Identifying Great Business Stories
The art of storytelling in business has been getting quite the buzz lately. For decades we have introduced this skill in our Persuasion and Influence course. But as storytelling consultant Shawn Callahan, who works with Global 1000 companies including Shell, IBM, and Microsoft, says, “We see lots of people talking about stories but very few telling them.”
Callahan says understanding the simple framework of a story will help.
How do you know if you’ve got a viable story?
*A story begins with a time or place marker (when/where did it happen?).
*It recounts an event, with feeling.
*It includes dialogue (“And then he said…”).
*It has a business point (the reason for telling the story is…).
People pay attention when you tell a story – and stories are remembered. So mining your experience for stories is time well spent. We want to hear! Have you told or heard a good story recently? What was its impact? Join the conversation and click "comments" on our Community of Practice Forum.

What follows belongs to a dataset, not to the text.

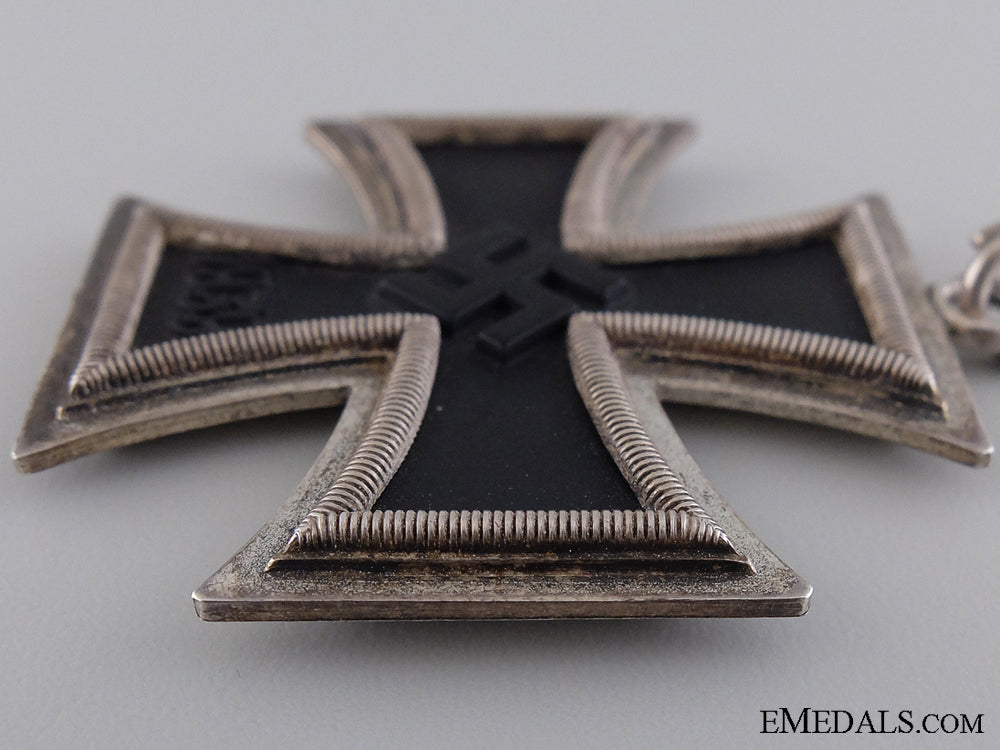 a_very_rare_zimmermann_knight’s_cross_of_the_iron_cross1939$19,000_img_12.jpg5441441b2364c
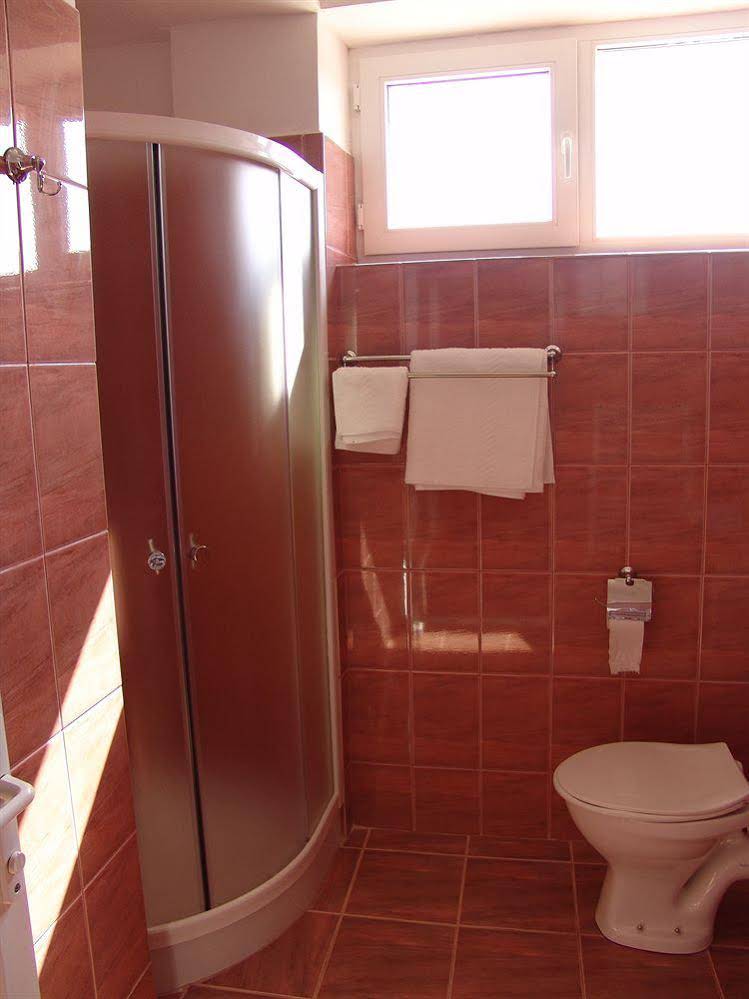 Class Hotel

Image Credit: AZ https://www.flickr.com/photos/azrasta/
8/21/2016 03:40:09 pm
When I teach active listening skills, I often include a story about an incident many years ago when my ability to call on my active listing skills really got me out of a bind. I have to change the names to protect the innocent (and once recently I would have launched right into the story, except that the person whom the story is about was sitting right in front of me), but I believe the story makes the usefulness of the skill come alive. It's areal-life, personal story, and I am self-revealing, which makes me somewhat vulnerable as I tell it. I think the story makes for a much richer presentation.
8/22/2016 10:48:03 am
Absolutely! Telling stories make a concept or skill (like active listening) come to life. And long after people forget the details, they remember a good story -- and that brings back the residual message you want to leave them with!